DIRTY KITCHEN is a memoir of Jill Damatac as she lived as an undocumented immigrant with her family for twenty two years in the US.
This book is utterly vulnerable - Damatac details with unfiltered thoughts her hardships as an undocumented child while dealing with her inner trauma and sense of belonging. From her family living through the regime back in Philippines to domestic abuse, one witnesses the way internalized colonial oppression dictates her parents' mentality, escalating to the instinct of survival and intergenerational punishment.
The pages are infused with Filipino folklore and I mostly appreciated the deeper understanding about Filipino history/culture. Through food culture, the act of cooking is an attempt to find a sense of self with the cultural roots and this process incorporates a more ethereal touch, making a relationship between body and spirit.
While the cooking instructions randomly described between the passages might be a creative move, I personally found it distracting.

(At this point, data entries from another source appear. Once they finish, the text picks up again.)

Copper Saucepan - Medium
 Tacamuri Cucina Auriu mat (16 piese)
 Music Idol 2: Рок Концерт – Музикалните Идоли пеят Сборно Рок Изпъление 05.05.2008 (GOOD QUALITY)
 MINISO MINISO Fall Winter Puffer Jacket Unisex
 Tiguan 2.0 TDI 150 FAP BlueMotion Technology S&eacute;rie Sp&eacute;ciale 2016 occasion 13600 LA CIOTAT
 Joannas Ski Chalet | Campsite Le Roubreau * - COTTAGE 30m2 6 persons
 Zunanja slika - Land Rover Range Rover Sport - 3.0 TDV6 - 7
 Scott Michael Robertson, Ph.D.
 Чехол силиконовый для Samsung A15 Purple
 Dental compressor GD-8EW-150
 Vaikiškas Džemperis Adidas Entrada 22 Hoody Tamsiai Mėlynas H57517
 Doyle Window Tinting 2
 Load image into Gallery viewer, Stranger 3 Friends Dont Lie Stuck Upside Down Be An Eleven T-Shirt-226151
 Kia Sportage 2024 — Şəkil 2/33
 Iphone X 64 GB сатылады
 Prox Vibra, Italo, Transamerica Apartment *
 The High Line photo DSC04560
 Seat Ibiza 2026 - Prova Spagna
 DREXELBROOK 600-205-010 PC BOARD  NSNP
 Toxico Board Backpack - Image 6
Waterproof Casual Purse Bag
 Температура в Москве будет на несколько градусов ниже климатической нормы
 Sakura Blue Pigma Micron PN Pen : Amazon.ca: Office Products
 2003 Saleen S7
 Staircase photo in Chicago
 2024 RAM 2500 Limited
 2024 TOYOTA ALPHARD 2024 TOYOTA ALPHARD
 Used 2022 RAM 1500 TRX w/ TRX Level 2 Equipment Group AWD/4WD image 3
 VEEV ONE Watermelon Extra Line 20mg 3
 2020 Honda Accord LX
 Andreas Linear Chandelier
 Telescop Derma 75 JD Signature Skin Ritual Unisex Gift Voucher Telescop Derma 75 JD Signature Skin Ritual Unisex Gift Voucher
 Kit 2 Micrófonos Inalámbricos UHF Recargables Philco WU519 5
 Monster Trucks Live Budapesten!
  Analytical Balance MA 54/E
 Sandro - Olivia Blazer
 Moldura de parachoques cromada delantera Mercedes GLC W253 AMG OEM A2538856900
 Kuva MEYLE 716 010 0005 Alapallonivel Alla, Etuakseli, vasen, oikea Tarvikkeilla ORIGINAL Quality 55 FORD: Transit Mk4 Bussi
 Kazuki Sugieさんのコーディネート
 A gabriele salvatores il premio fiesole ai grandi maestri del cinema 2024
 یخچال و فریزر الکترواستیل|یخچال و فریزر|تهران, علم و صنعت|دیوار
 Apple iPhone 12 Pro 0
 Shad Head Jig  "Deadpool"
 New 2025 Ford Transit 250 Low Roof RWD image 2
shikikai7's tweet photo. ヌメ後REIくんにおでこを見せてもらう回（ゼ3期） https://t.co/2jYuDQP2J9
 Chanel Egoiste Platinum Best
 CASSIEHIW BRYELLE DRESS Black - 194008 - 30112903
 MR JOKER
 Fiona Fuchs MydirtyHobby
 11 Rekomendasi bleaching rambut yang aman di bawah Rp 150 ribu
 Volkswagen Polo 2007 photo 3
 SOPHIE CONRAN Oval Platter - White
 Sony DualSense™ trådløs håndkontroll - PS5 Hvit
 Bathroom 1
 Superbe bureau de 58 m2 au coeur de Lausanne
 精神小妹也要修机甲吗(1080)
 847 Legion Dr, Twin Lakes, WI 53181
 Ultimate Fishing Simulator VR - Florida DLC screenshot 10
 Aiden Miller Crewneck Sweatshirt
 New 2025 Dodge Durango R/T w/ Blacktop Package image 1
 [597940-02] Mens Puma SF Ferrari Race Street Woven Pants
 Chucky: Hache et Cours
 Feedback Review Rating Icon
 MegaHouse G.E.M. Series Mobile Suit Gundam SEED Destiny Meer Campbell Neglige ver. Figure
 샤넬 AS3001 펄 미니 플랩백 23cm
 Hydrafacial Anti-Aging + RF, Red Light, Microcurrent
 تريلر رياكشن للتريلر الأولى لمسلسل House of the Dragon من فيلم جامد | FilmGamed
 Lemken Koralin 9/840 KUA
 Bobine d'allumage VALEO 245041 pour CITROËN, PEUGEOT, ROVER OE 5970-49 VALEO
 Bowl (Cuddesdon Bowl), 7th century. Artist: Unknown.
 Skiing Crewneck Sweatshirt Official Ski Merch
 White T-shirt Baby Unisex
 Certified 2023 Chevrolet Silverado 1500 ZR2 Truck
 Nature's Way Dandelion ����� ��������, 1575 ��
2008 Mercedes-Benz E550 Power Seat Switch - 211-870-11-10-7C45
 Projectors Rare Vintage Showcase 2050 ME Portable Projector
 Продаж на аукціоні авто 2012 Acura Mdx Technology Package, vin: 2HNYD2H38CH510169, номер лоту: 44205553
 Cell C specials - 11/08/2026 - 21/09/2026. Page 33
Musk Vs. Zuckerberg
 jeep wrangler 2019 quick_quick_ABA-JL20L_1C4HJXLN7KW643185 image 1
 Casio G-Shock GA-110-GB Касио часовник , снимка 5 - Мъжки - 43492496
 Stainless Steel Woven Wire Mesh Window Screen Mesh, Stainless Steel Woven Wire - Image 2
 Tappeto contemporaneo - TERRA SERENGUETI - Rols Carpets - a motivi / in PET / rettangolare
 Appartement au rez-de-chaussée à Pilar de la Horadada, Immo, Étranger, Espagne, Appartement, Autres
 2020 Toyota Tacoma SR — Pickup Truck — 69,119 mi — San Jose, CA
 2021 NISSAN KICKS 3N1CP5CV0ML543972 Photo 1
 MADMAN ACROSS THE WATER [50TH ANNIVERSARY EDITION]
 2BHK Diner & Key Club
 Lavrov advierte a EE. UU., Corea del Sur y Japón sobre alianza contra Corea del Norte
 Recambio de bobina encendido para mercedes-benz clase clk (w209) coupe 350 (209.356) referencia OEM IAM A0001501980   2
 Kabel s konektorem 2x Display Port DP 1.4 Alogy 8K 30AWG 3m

Damatac delves into mental illness and poverty, which her experiences and emotions are amplified by an evocative prose (consider checking the content warnings / I couldn't bear most of her parents' behavior). Ultimately, this is a journey of healing and reconciliation, of reconciling with those who hurt you, of reconciling with a country that failed you.
DIRTY KITCHEN gives voice to Filipino undocumented immigrants - it is a raw memoir loaded with Filipino recipes and cultural heritage. This food memoir pairs well with BITE BY BITE by Aimee Nezhukumatathil and SLOW NOODLES: a Cambodian memoir by Chantha Nguon.
[ I received an ARC from the publisher - Atria books . All opinions are my own ]
I really wanted to like this book more, but I honestly felt like most of it was just random anecdotes and descriptions of food that didn't really go together. It was also just quite depressing to hear all the horrible things she went through, and I felt it was written in a very negative way. I didn't feel happy at all while reading it, but it definitely was a creative way to tell a story of life through food. I think it was definitely a necessary book to write, and a story that should be told more often, but I just wish it had been done differently.